Architectural Register vs Physical Registers

Architectural registers are the registers visible to the programmer as part of the programming model. Physical registers are the registers physically present in the machine’s hardware. There are substantially more physical registers than there are architectural ones. There are 32 registers visible to be programmed which are supported by 64 physical registers.

Register Renaming

The core maintains an eight entry deep history file for register rename mappings and register in use flags. The depth of the history file corresponds to the number of entries in the re-order buffer. At most a new map will be needed for each re-order buffer entry. Typically the history file is cycled through at half or less the rate of the instruction queue as approximately 50% of instructions don’t have target registers.

The core can allocate up to two registers as target registers for every pair of instructions queued. If there are no target registers available the core stalls until previous instructions have made more target registers available.

Instruction Cache Miss

During a cache miss the core streams NOP operations to the instruction fetch unit while the core is waiting for the instruction cache to load. The program counters are not incremented however, and they remain at the value when the cache miss occurred.

## Instructions Supported Only on ALU #0

The following less frequently used instructions are only supported on ALU #0 in order to reduce the size of the core.

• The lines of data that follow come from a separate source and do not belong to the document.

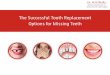 The Successful Tooth Replacement Options for Missing Teeth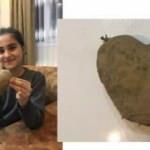Kalp görünümlü patates şaşırttı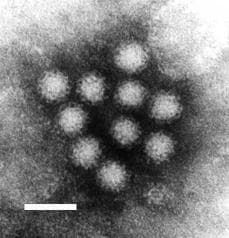 Electron micrograph image of Norwalk virus particles, a type of norovirus.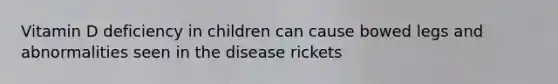 Vitamin D deficiency in children can cause bowed legs and abnormalities seen in the disease rickets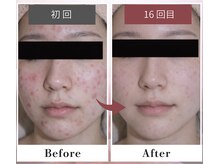 フルリール/【ニキビケアプロテクション】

* + shift instructions (ASR, SHL, SHR)
    - The shift instructions use barrel shifters to shift by any amount in a single clock cycle.
  + CSR instruction
    - CSR instructions are rarely used. They often also have synchronization issues as there is no bypassing for the CSR registers. Since they typically require synchronization operations there is no benefit to having multiple CSR instructions executing at the same time.